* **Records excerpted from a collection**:

^^^^

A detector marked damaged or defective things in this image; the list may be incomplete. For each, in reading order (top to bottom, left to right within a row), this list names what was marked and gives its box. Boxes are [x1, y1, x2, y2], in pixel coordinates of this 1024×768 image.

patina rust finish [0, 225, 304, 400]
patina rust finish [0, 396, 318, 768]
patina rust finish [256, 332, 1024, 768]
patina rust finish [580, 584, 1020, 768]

^^^^

* **Prompt**: Every entry must be duplicated exactly as it was written.

* **Response**:
A detector marked damaged or defective things in this image; the list may be incomplete. For each, in reading order (top to bottom, left to right within a row), this list names what was marked and gives its box. Boxes are [x1, y1, x2, y2], in pixel coordinates of this 1024×768 image.

patina rust finish [0, 225, 304, 400]
patina rust finish [0, 396, 318, 768]
patina rust finish [256, 332, 1024, 768]
patina rust finish [580, 584, 1020, 768]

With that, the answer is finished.